Problem to solve: Return only the lines below starting at the line containing "Hi guys, welcome" and ending at the line containing "WAAS was developed", both included, exactly as they are and with no pictures.

(Stored data)
——

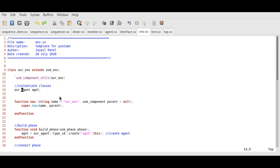The environment class will also remain the same for now. Later, we will add a scoreboard here. Currently, we have created the agent class inside the environment class.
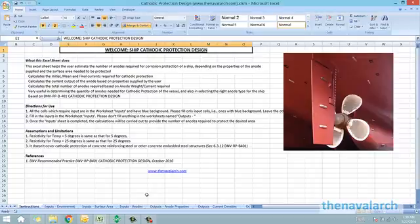Cathodic protection is a system used to protect ships and their internal tanks from corrosion. In this system, anodes with particular properties are selected to provide corrosion protection for the entire selected surface.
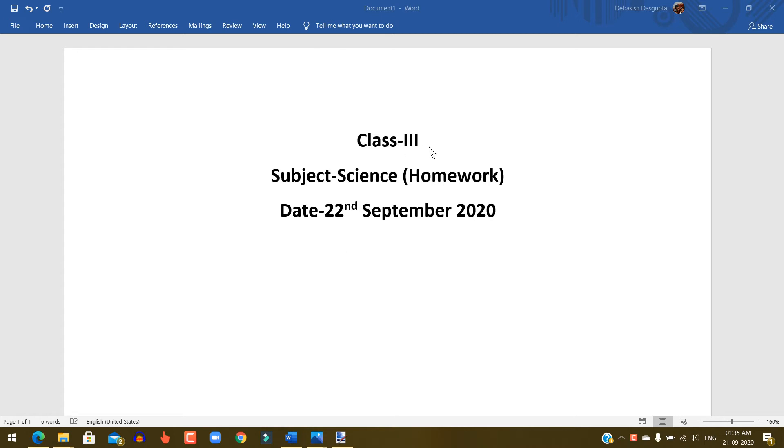Hello Student, Class 3, Subject Science Homework, Date 22nd September 2020.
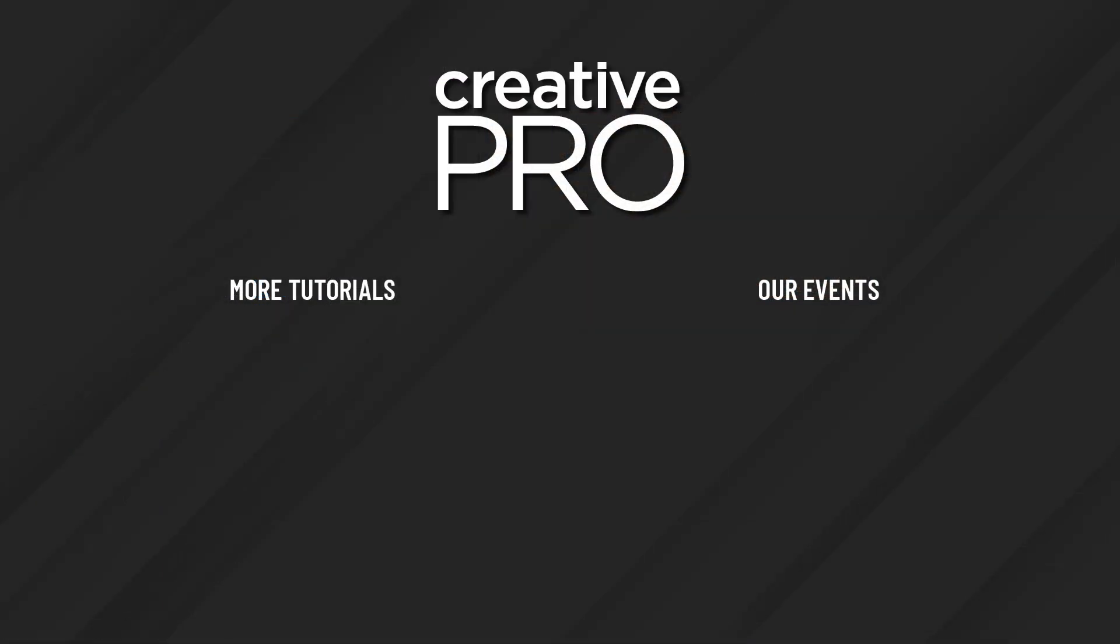Well, I hope you enjoyed this video. If you did, be sure to give it a like and subscribe to our channel. And for thousands more how-to articles and tutorials, visit our website creativepro.com and become a member today. Thanks for learning with us.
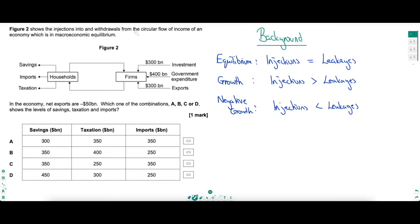Once you know the structure of the balance of payments, those questions become quite easy. Let's move to the circular flow of income. We're told the economy is in macroeconomic equilibrium - important information. Macroeconomic equilibrium in the circular flow means injections equal leakages. Injections are investment, government spending, and exports; leakages are savings, imports, and taxation. A growing economy has injections greater than leakages; a shrinking economy has injections less than leakages. Adding up the injections given, we get a thousand billion dollars.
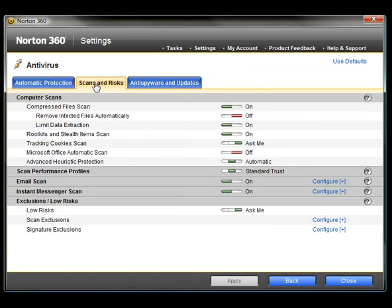At the bottom you'll see a section for Exclusions, and at the bottom of that is Signature Exclusions. To the right, click on Configure.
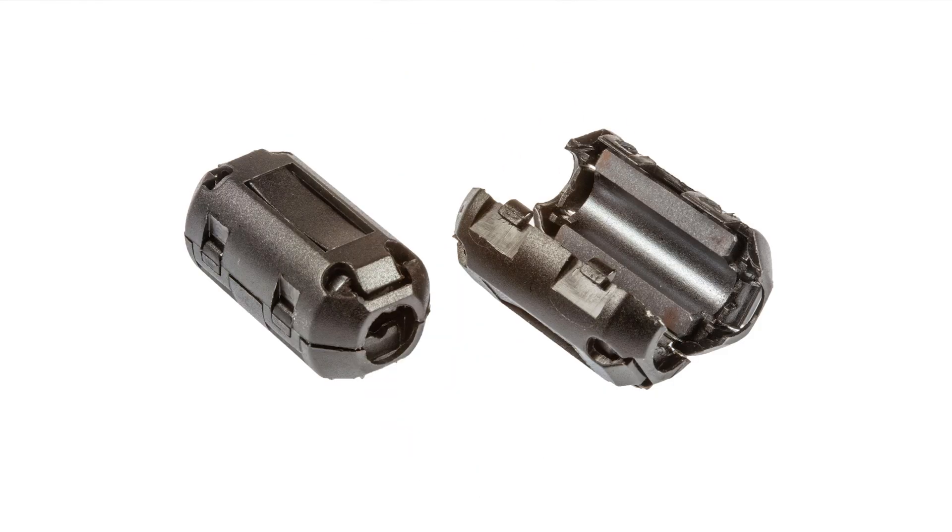In this video I'm going to show you how easy to obtain ferrite rings can help solve your power line interference problems.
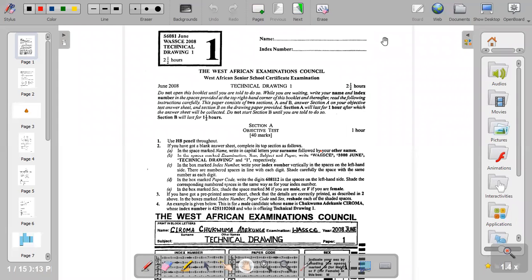Hi guys, welcome to my channel on TD Made Easy. If you're new, please click on the subscribe button. In today's video we'll be looking at the 2008 objective questions part A.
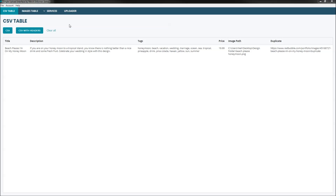This is the single upload interface. I've uploaded a CSV table of one design. Now typically if you're going to be doing this, you're going to have 10, 20, 30, 100 designs in your CSV file. And we're going to upload all of those to other marketplaces with the click of a button instead of sitting there and doing it manually.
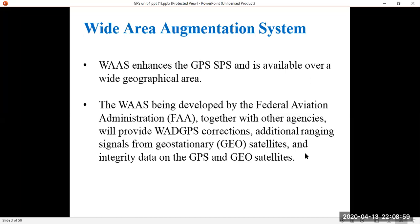WAAS was developed by the Federal Aviation Administration (FAA) together with other agencies to provide wide area differential GPS corrections, additional ranging signals from GEO satellites, and integrity data on the GPS and GEO satellites. Wide area differential GPS corrections means the unknown receiver receives signals from several known receivers. GEO satellites also provide pseudo-ranging signals for more accurate positioning. Integrity data is essentially trustworthy data on the GPS and GEO satellites.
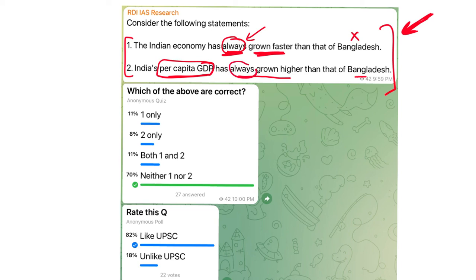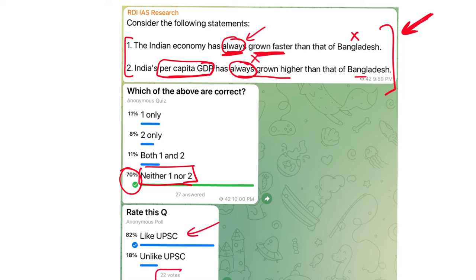The 'always' word eliminates the first statement, and the 'always' word in the second statement also makes it incorrect, meaning neither one nor two is the answer. More than 80% of you liked the question — that's really nice. But I'm not impressed by how many people are voting and answering, so I'd like more of you to attempt these questions. See you tomorrow.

——

Written answer:
Hi guys, welcome to my channel on TD Made Easy. If you're new, please click on the subscribe button. In today's video we'll be looking at the 2008 objective questions part A.
This is the single upload interface. I've uploaded a CSV table of one design. Now typically if you're going to be doing this, you're going to have 10, 20, 30, 100 designs in your CSV file. And we're going to upload all of those to other marketplaces with the click of a button instead of sitting there and doing it manually.
WAAS was developed by the Federal Aviation Administration (FAA) together with other agencies to provide wide area differential GPS corrections, additional ranging signals from GEO satellites, and integrity data on the GPS and GEO satellites. Wide area differential GPS corrections means the unknown receiver receives signals from several known receivers. GEO satellites also provide pseudo-ranging signals for more accurate positioning. Integrity data is essentially trustworthy data on the GPS and GEO satellites.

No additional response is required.